* **Your instructions**: Everything in the listing except the pictures should be written out exactly.

* **Data provided**:
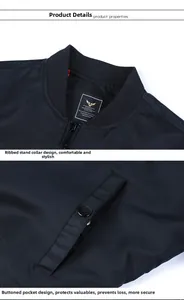 Detail of black flight jacket featuring ribbed stand collar and snap button side pocket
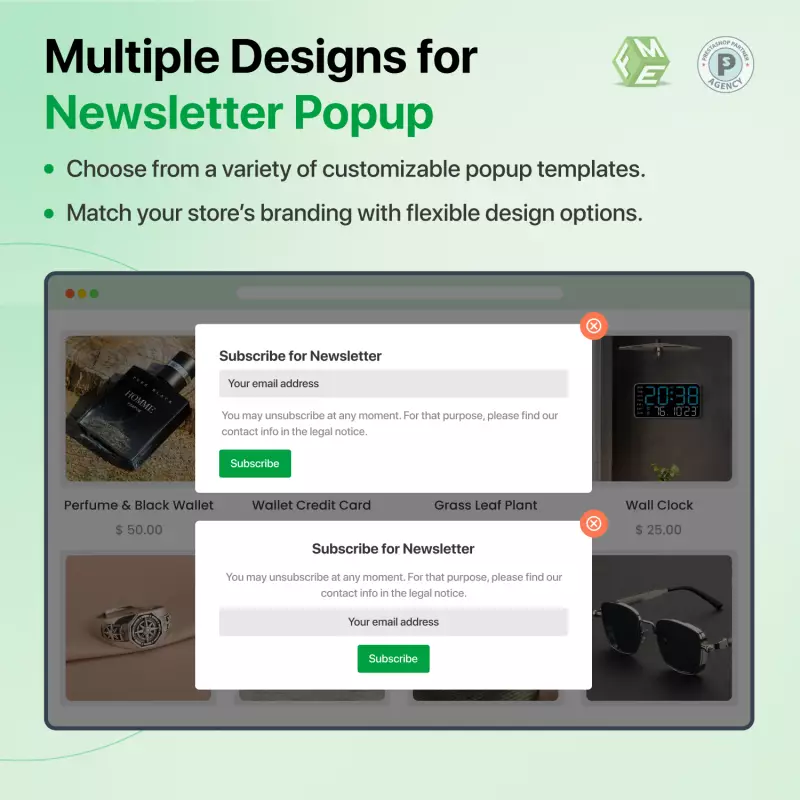 Multiple Designs for Newsletter Popup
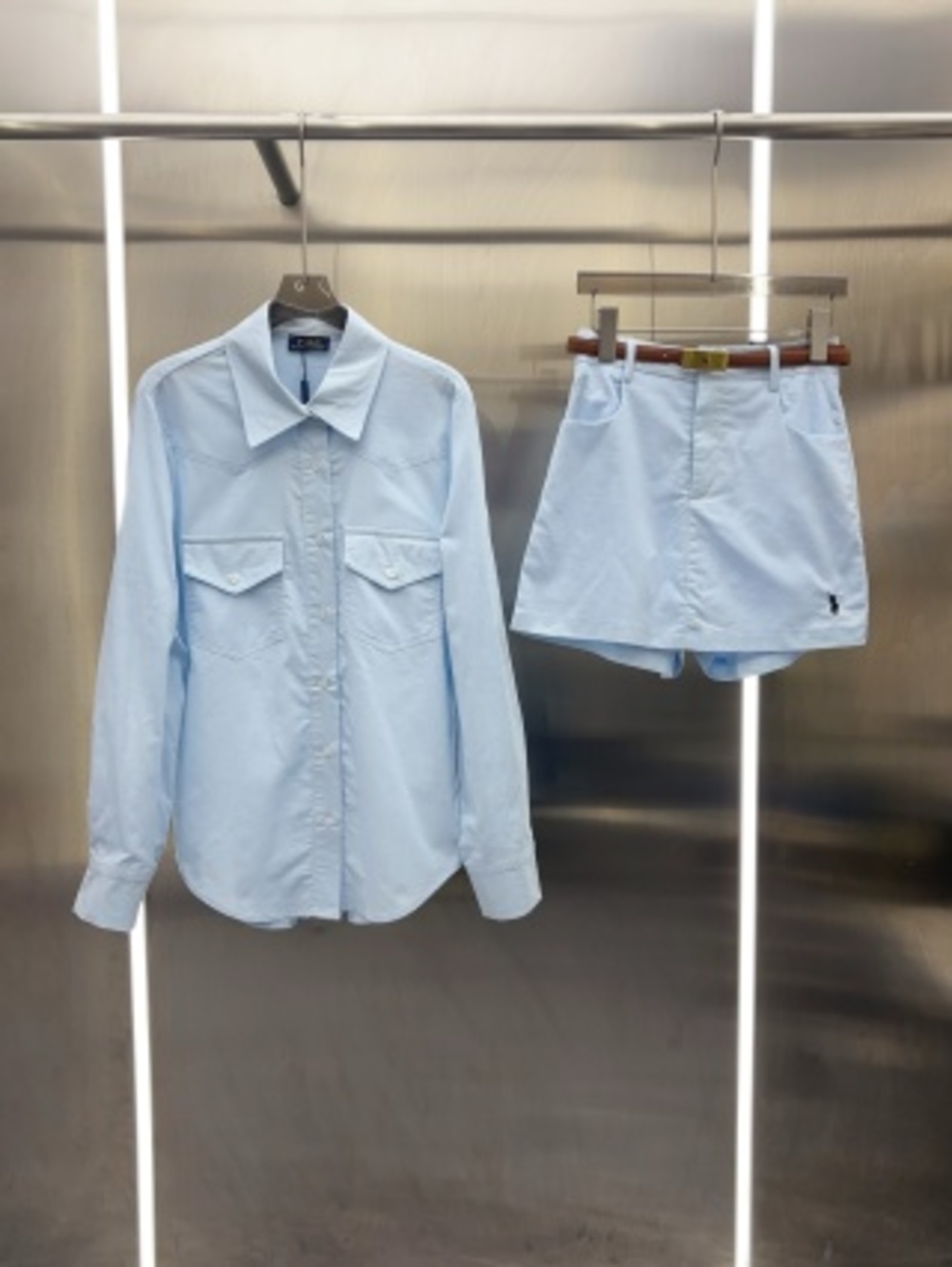 Polo Ralph Lauren Blue blouse and short skirt set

* **Output below**:
 Detail of black flight jacket featuring ribbed stand collar and snap button side pocket
 Multiple Designs for Newsletter Popup
 Polo Ralph Lauren Blue blouse and short skirt set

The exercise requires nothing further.